» TASK DESCRIPTION
Search the records that follow and extract every line containing the string "Fine".

» INFORMATION
_____
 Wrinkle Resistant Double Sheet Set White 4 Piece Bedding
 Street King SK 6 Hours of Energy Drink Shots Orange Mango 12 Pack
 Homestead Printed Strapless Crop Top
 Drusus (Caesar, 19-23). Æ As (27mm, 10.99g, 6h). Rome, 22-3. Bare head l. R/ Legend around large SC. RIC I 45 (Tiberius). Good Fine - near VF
_____
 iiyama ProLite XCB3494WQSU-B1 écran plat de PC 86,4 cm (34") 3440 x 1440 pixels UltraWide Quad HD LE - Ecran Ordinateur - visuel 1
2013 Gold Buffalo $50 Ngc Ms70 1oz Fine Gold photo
_____
» RESPONSE TO THIS TASK
 Drusus (Caesar, 19-23). Æ As (27mm, 10.99g, 6h). Rome, 22-3. Bare head l. R/ Legend around large SC. RIC I 45 (Tiberius). Good Fine - near VF
2013 Gold Buffalo $50 Ngc Ms70 1oz Fine Gold photo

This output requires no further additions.